Ana têm outros defeitos – uma lista interminável deles. E a triste realidade é que ela é um cruzamento entre carrapato, sanguessuga e vampiro que não desgrudará de sua "presa" (você) antes de lhe absorver todo o "fluido vital".
Diante dessa descrição, qualquer ser humano de bom senso fugiria de Ana como o Diabo da Cruz. Uma pessoa como essa é, obviamente, de convivência MUITO difícil e exige um exercício de capacidade de adaptação e tolerância de que nem todos são capazes.
No entanto, Ana não é má gente. Tem um coração enorme, abnegado e amoroso e é capaz de oferecer seu ombro a um amigo em apuros sem jamais lhe pedir nada em troca. Quando as coisas ficam difíceis e TODOS desaparecem, ela é quem permanece ao seu lado, toma conta de você e se preocupa com o seu bem-estar. Ela nunca questiona a validade ou a verdade do que você está sentindo e até fica magoada quando, para não preocupá-la, você procura esconder o que realmente o está entristecendo.
Ana, no final das contas, é uma AMIGA de verdade.

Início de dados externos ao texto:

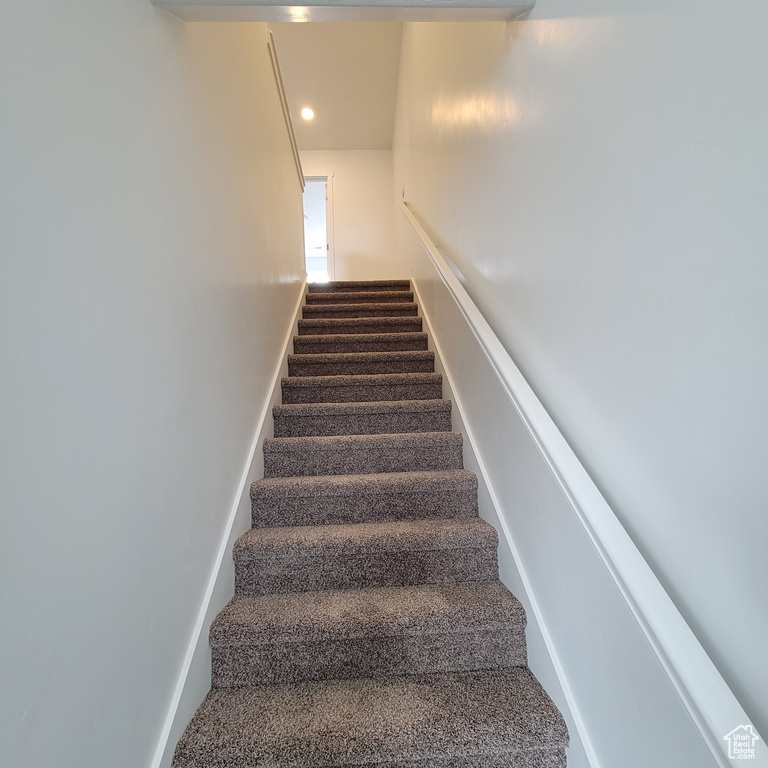 Stairs with carpet and recessed lighting
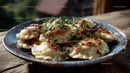 Plate of Traditional Polish Pierogi Garnished with Herbs on Wooden Table
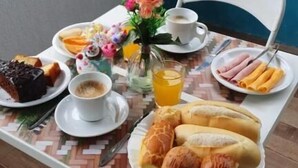 Una mesa de desayuno con platos de comida, una taza de café y un jarrón con flores.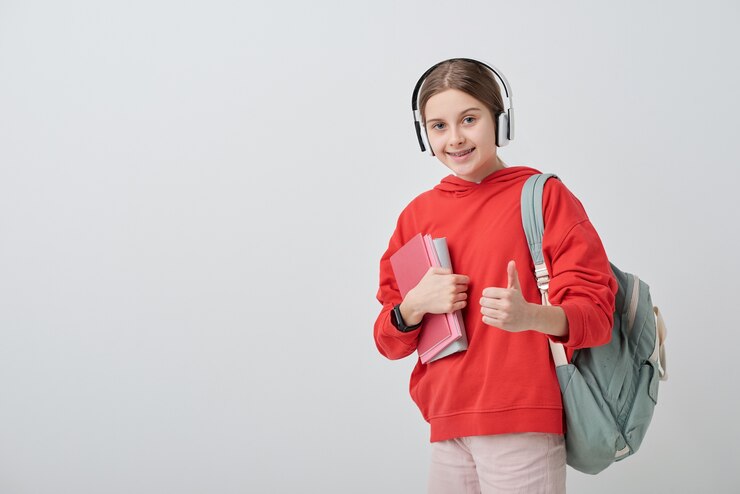Photo fille assez joyeuse avec sac à dos sur le dos et livres à la main montrant le pouce vers le haut tout en écoutant de la musique dans des écouteurs en isolement
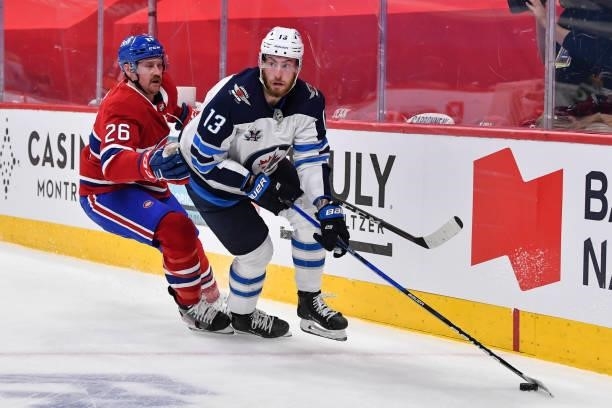 Pierre-Luc Dubois of the Winnipeg Jets skates the puck against Jeff Petry of the Montreal Canadiens during the first period in Game Three of the...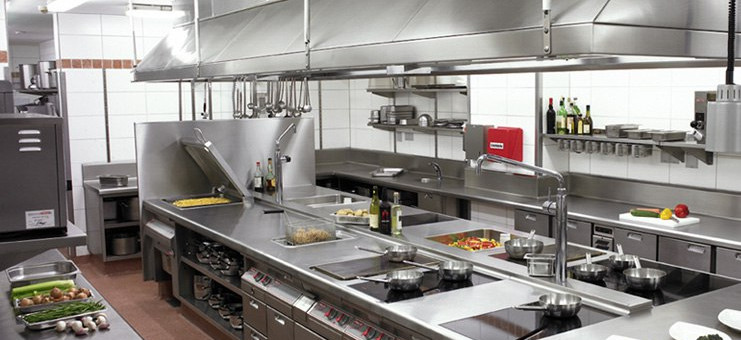 stainless commercial kitchen with exhaust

Creio que toda pessoa deveria ter pelo menos uma Ana em sua vida, mesmo sabendo que, eventualmente, ela lhe causará ímpetos assassinos. Porque, apesar dos pesares, as Anas nunca são pessoas monótonas ou desinteressantes; são companheiras constantes e fiéis e sempre têm muito a nos ensinar, se nos dispusermos a ter paciência e mantivermos nossos corações e almas abertos.
Elas são, mais do que tudo, prova incontestável de que, inobstante o tamanho dos nossos defeitos, eles SEMPRE podem ser compensados por nossas qualidades.
Vamos admitir: as Anas nos tornam pessoas melhores. Que seria de nós sem elas?
Até porque cada um de nós tem um pouquinho de Ana dentro de si.
Dedico este texto às "minhas" Anas. Eu amo todas vocês!
* Sim, Ana é persona fictícia e a descrição é exagerada – mas foi baseada em gente de verdade... E um "tantinho" em mim mesma, ma non troppo.